А вот если физически Эльза не пострадает, но по каким-то объективным причинам, непосредственно с Петером не связанным, не сможет участвовать в финальной части исследований, тогда все в порядке. Таким образом, задача распадалась на две: сначала Эльзу требовалось куда-нибудь удалить из Гамбурга, а лучше и вообще из Германии, а затем удержать там. Первая задача решалась относительно просто. Есть контракт, значит, можно организовать командировку в Москву, для того хотя бы, чтобы проверить, насколько добросовестно российская сторона выполняет свои обязательства. Причем, что важно отметить, Петер имел возможность организовать появление Эльзы в Москве в любое удобное для него время.

— Он ее в Москву и направил.

— Совершенно верно. Эльза прилетает в Москву, где ее нужно задержать. Как?

— Но почему обязательно убийство? Тяжкое преступление, серьезное расследование и никаких гарантий, что разоблачения удастся избежать. Можно же проще — похитить, а потом отпустить. Тогда вообще никто не пострадал бы. В смысле, физически. А значит, и следствие велось бы спустя рукава.

— Извините, Сергей Юрьевич, но вы не вполне понимаете, о чем говорите. Похищение не так просто организовать, особенно, чтобы, как вы сказали, физически никто не пострадал. Аркадий Александрович криминальных навыков явно не имеет, привлекать кого-то постороннего опасно, надо все самому проделывать. Вот вы Эльзу видели, смогли бы справиться с ней в одиночку?

— Ну-у, сзади подойти, тряпочку с хлороформом на лицо…

— И все это среди белого дня, на глазах у людей? Ну, допустим, усыпили, допустим, до машины дотащили. Но ведь ее же надо месяц где-то держать, кормить, парашу выносить, следить, чтобы не сбежала. И при этом исхитриться не засветиться, чтобы потом не опознала. Как считаете, смогли бы?

— Н-нет, пожалуй.

— Вот и Аркадий счел, что не сможет, и выбрал более простой вариант.

— Но это же чудовищно! Он ведь не просто человека убил, но друга детства.

— Что ж поделать, такая у него вывернутая мораль, и, к сожалению, не у него одного. Когда-то давно я прочел, что во время первых испытаний атомной бомбы кто-то из ученых восхищенно воскликнул: «Какая великолепная физика!» Понимаете? Он не думал о том, что это варварское оружие уничтожит сотни тысяч ни в чем не повинных людей, для него это была только «великолепная физика».

— Я слышал, пилот, сбросивший бомбу на Хиросиму, впоследствии сошел с ума.

— Это потому, видимо, что он не научился относиться к людям там, внизу, как к абстрактным понятиям.
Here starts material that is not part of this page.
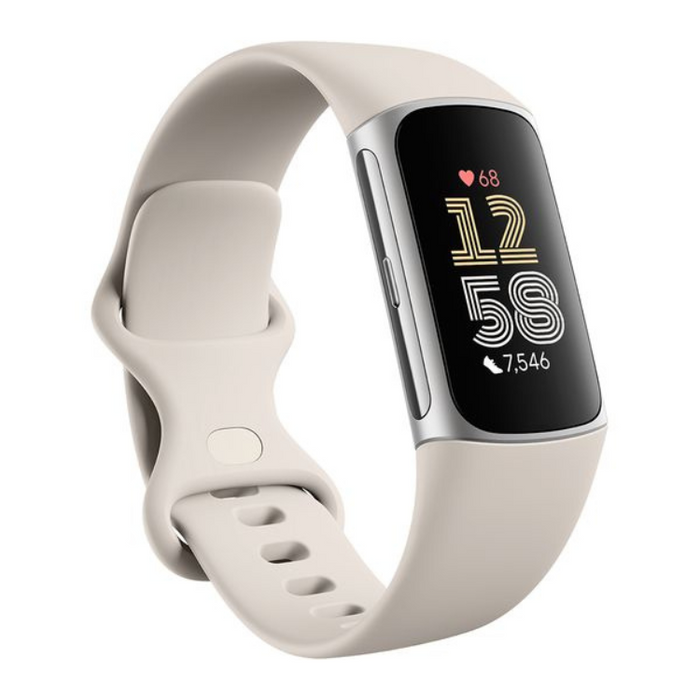 Fitbit Charge 6 Fitness Tracker – Porcelain  7-Day Battery, Heart & Sleep Tracking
Как военный летчик, он, конечно, бомбил врага и понимал, что люди под бомбами погибают, но идею такого массового страшного убийства его разум не вместил. Перегорел, как предохранитель, на который слишком большое напряжение подали. А ученым хоть бы что. Не слыхал я, чтобы хоть один из них в уме повредился.

Вот и Аркадий, видимо, из таких. Люди, подобные ему, к окружающим относятся потребительски, как к средству. У своих подчиненных он забирал славу и деньги, у Леонида забрал жизнь. А что до дружбы… Такие Аркадии порой способны на помощь, на хорошее отношение к ближнему, но только до тех пор, пока этот ближний не становится помехой. С Леонидом он дружил и, видимо, хорошо к нему относился, но, просчитав холодным мозгом ученого все варианты, пришел к выводу, что наиболее простой и удобный способ достичь цели — убить друга.
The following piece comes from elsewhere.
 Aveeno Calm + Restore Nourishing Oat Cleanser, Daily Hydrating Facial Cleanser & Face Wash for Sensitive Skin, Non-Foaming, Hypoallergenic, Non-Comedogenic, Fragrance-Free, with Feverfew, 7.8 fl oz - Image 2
И как же хорошо все продумал, мерзавец. Так организовал, что Эльза не просто попала в число подозреваемых, но стала основным кандидатом на отсидку. Улики косвенные, но весомые, явные, но не нарочито. Яд имеет немецкое происхождение — факт, а кто только что из Германии прибыл? А то, что некий эксперт особое мнение имеет, так в официальный документ оно не вошло. Ссора с братом была? А как же. Не только жена покойного подтверждает, но и соседи. А завещание вообще ход гениальный, оно сразу дало следствию железный мотив, тем паче инфантильного Леню убедить оказалось легче легкого: мол, главное, Эльзино согласие на продажу квартиры получить, а там порвешь и забудешь.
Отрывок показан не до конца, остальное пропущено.